A. The problem you are interested in is the following: given an inner product $\langle \cdot, \cdot \rangle$ find $x$ such that $\langle b - Ax, b - Ax \rangle$ is minimized.

When $\langle \cdot, \cdot \rangle$ is the ordinary inner product, this is the ordinary least squares solution. When $\langle x, y \rangle = x^T W y$ where $W$ is some positive diagonal matrix, this the weighted case you are interested in.

B. The solution will satisfy the following optimality criterion: the error must be orthogonal to the column space of $A$.

Formally, let $a_1, \ldots, a_n$ be the columns of $A$. Then the optimal $x^*$ will satisfy $ \langle a_i, b-Ax^* \rangle = 0 $ for all $i$.

Why? Because if the error could be orthogonally decomposed as

$ b- Ax = x_{R(A)} + x_{R(A)^\perp}$ where $x_{R(A)} \neq 0$ is the projection onto the range of $A$, and $x_{R(A)^\perp}$ is a projection onto its a complement, then we could pick a different $x$ to get a smaller error. Indeed, $ \langle b - Ax, b-Ax \rangle = \langle x_{R(A)}, x_{R(A)} \rangle + \langle x_{R(A)^\perp}, x_{R(A)^\perp} \rangle $ by the Pythagorean theorem. Now if $x_{R(A)} = Ay$, then $ \langle b-A(x+y), b-A(x+y) \rangle = \langle x_{R(A)^\perp}, x_{R(A)^\perp} \rangle$ which is smaller.

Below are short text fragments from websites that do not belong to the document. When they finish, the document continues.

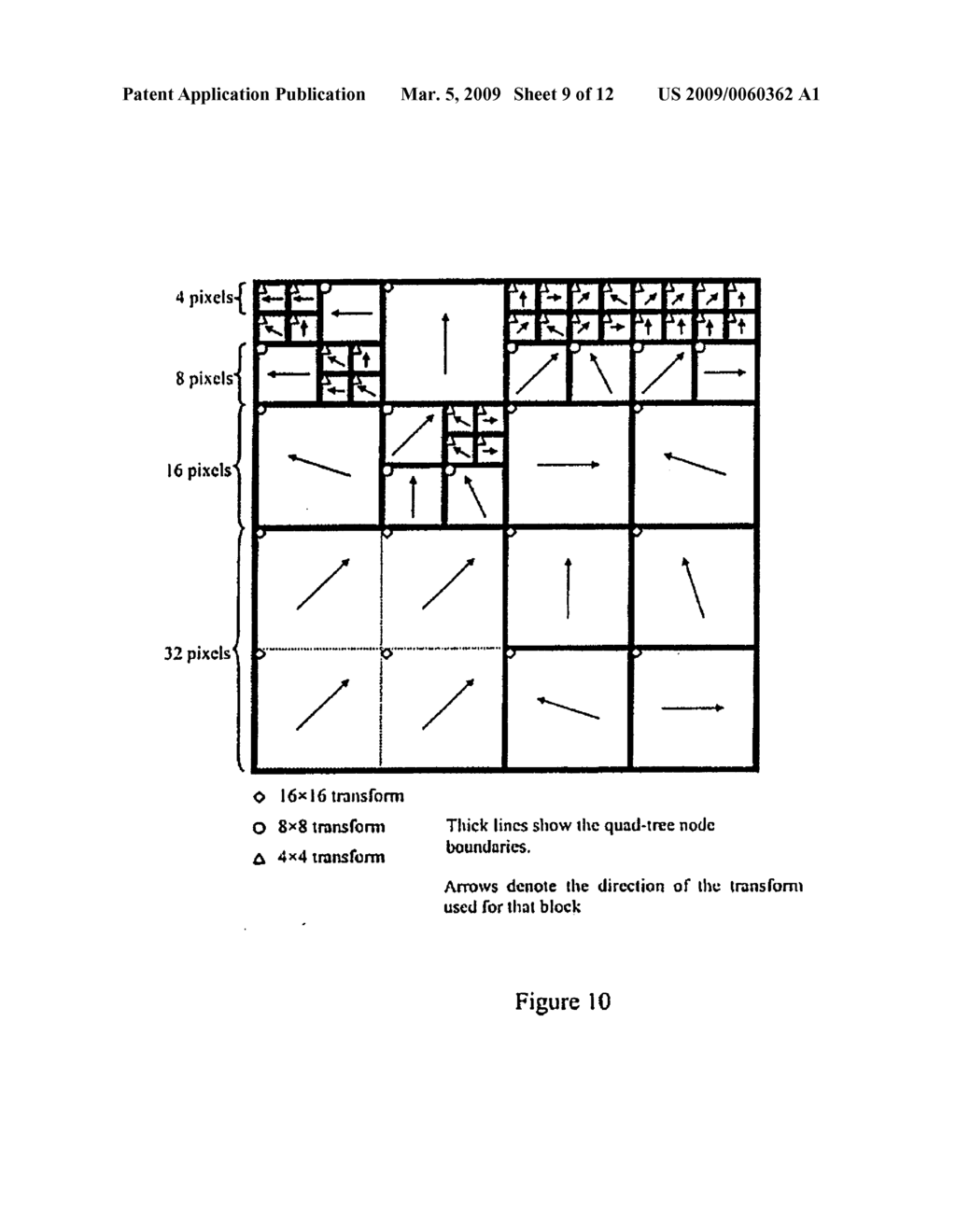 IMAGE AND VIDEO COMPRESSION USING SPARSE ORTHONORMAL TRANSFORMS - diagram, schematic, and image 10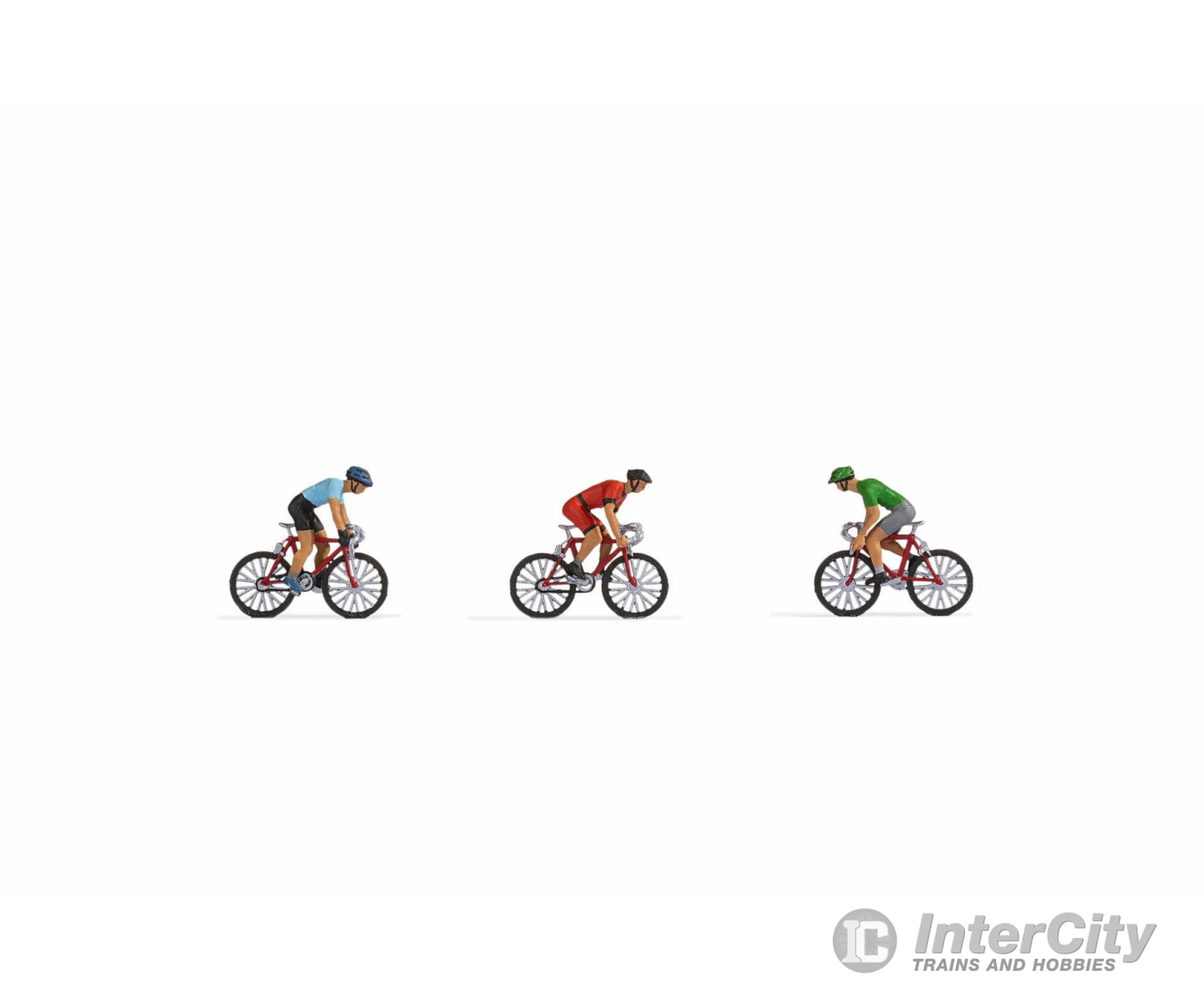 Noch 36897 N Racing Cyclists Figures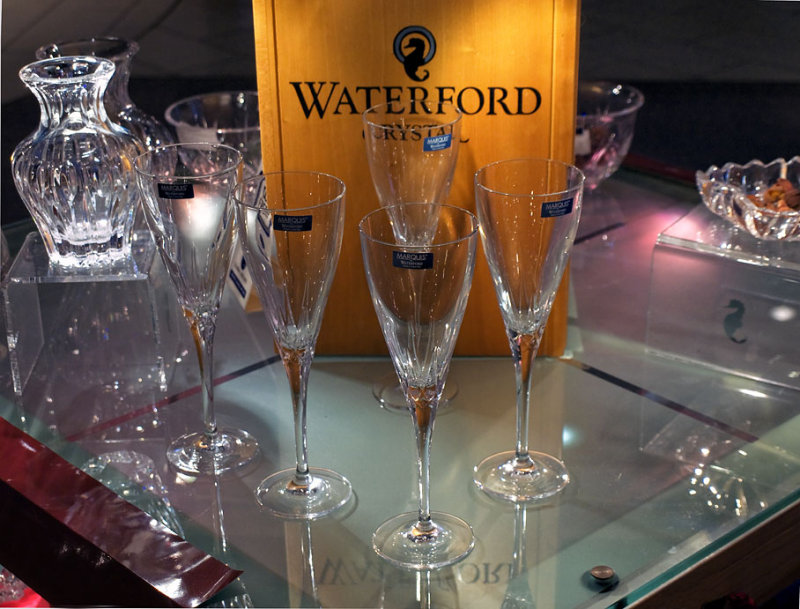 Waterford Crystal, Ireland 
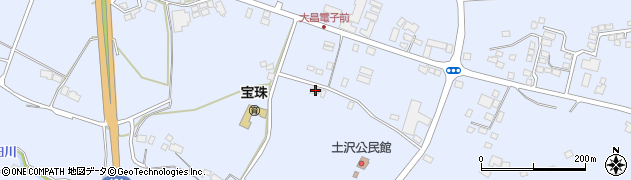 栃木県日光市土沢1315周辺の地図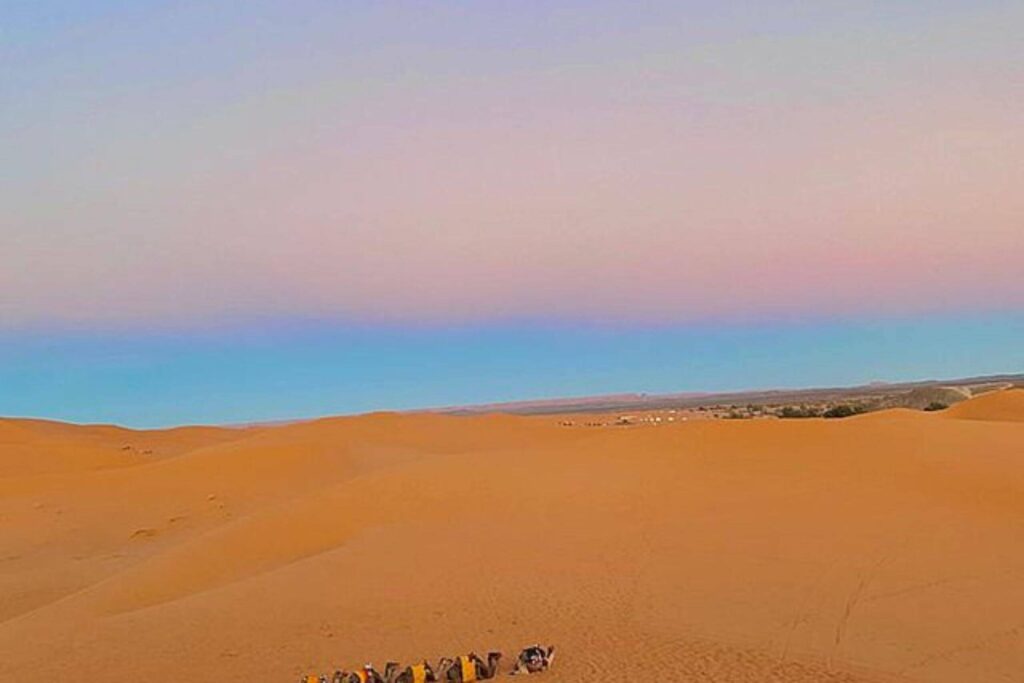 le fameux désert de Merzuoga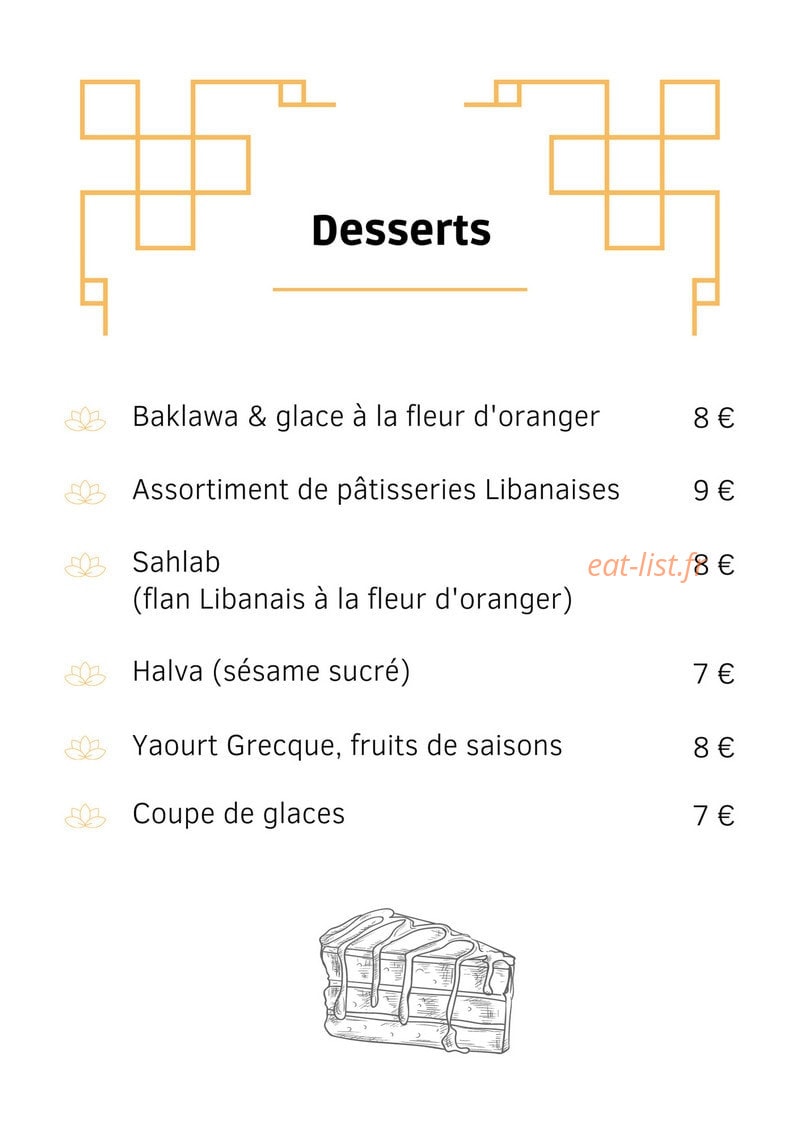 Bustan — carte page 4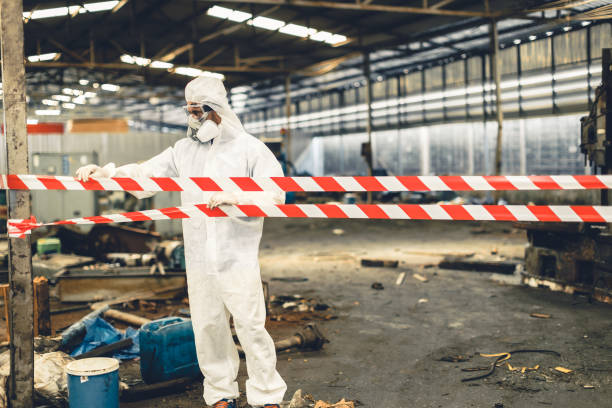 Professional Drug Lab Cleanup technician working in Hatboro, PA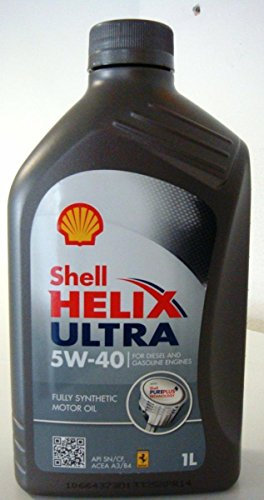 Shell Helix Ultra 5w40, Inhalt 1 l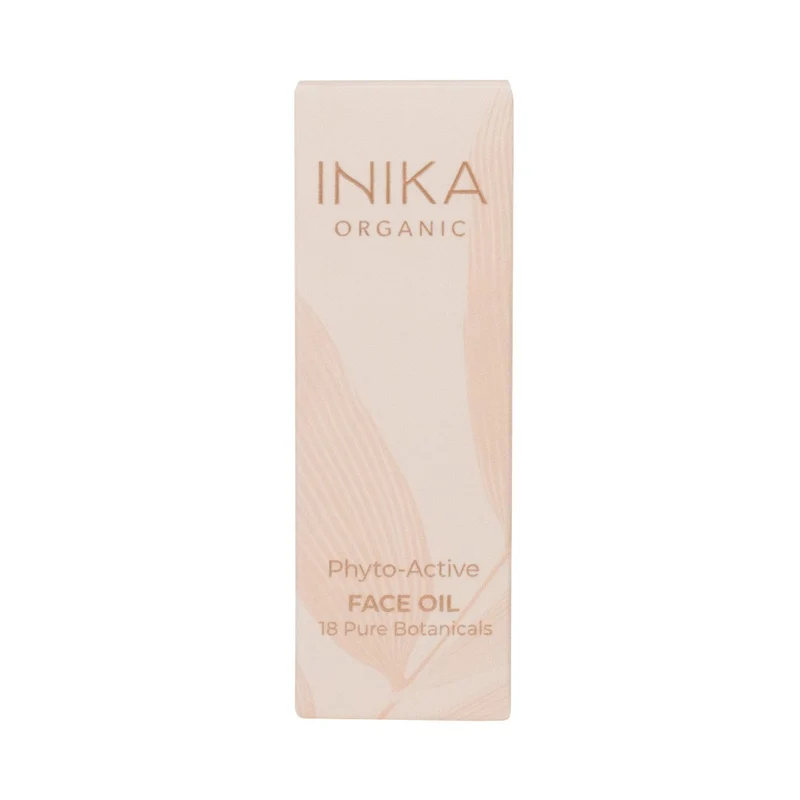 INIKA Huile Phyto-Active Visage Bio
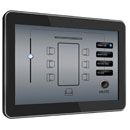 ALLEN & HEATH CC-10 TOUCH PANEL For AHM/Avantis/dLive mixer, Androir, 10"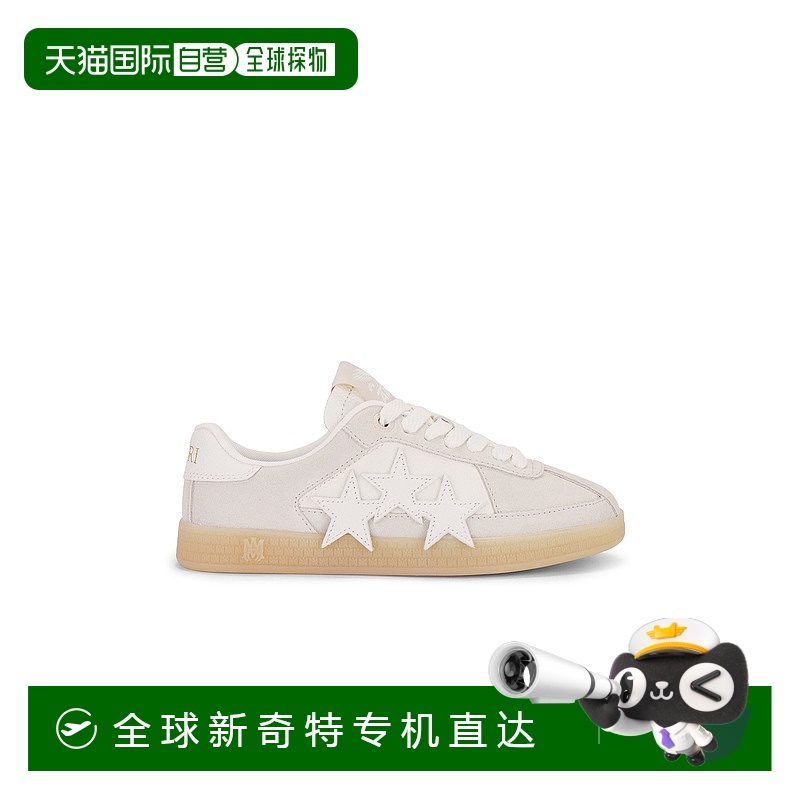 1h可退 香港直邮AMIRI 女士 Pacific 绒面革运动鞋 AWFOSR1103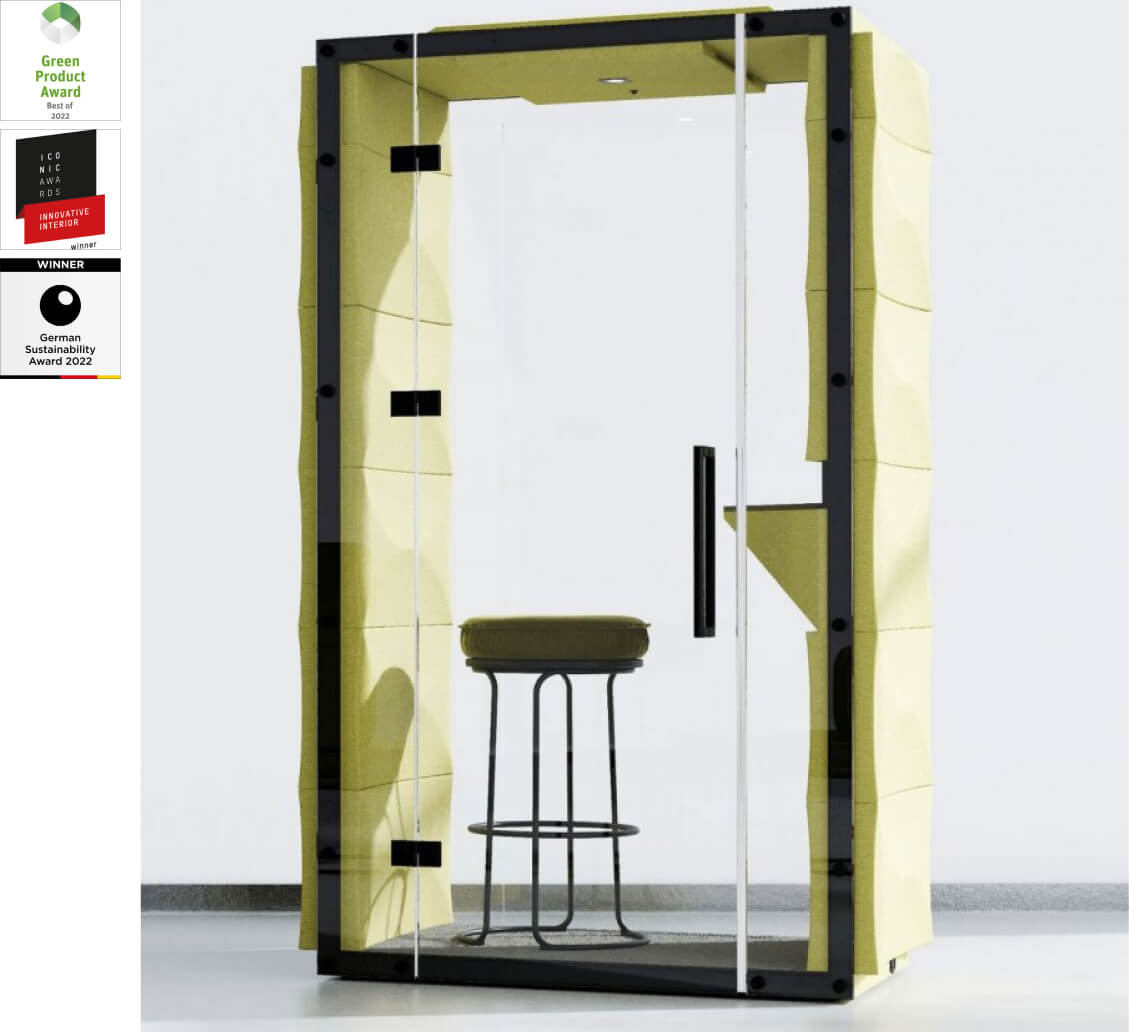 Vank Acoustic Ellipse Pod
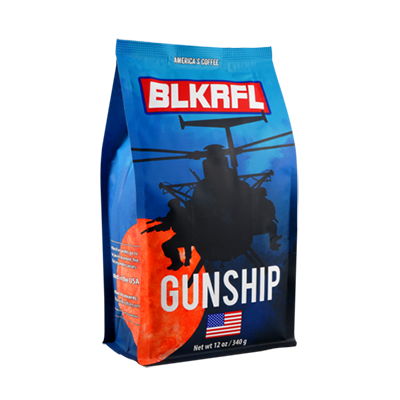 Black Rifle Coffee - Gunship Coffee - Ground 12 oz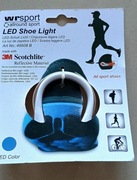 Opaska/lampka LED do butów 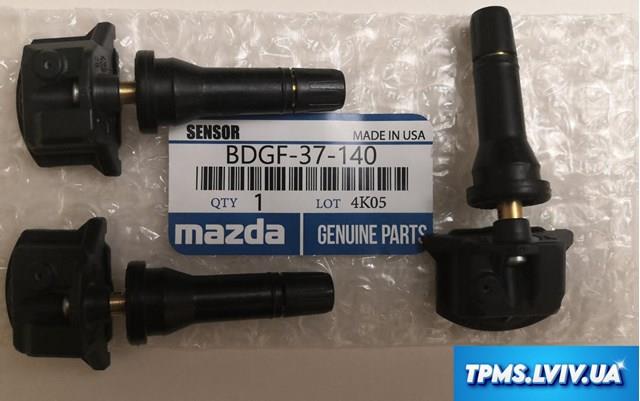 BDGF37140 Mazda Sensor de presión de neumáticos (TPMS)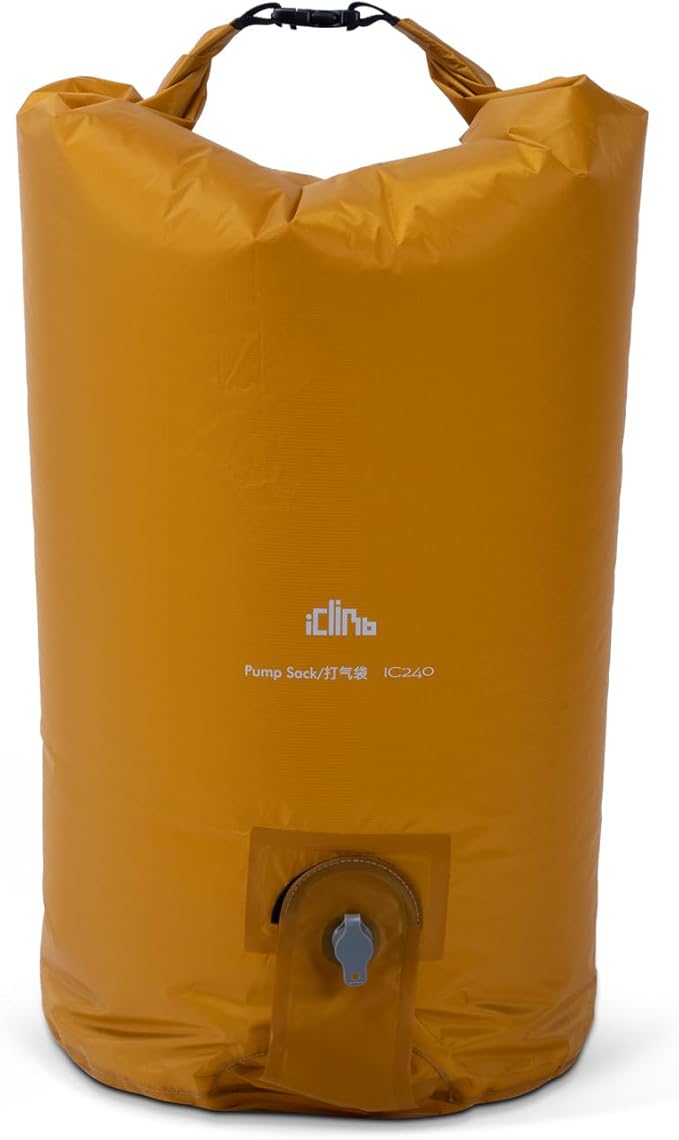 iClimb Stable Comfortable Air Sleeping Pad Ultralight Compact for Adults Camping Backpacking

C. For the case of the ordinary inner product, the above optimality principle can be restated as $ A^T (b-Ax^*) = 0$ which immediately gives you your least-squares solution; and for the case of the weighted inner product, it can be restated as $ A^T W (b-Ax^*)=0$ which immediately gives you the weighted solution.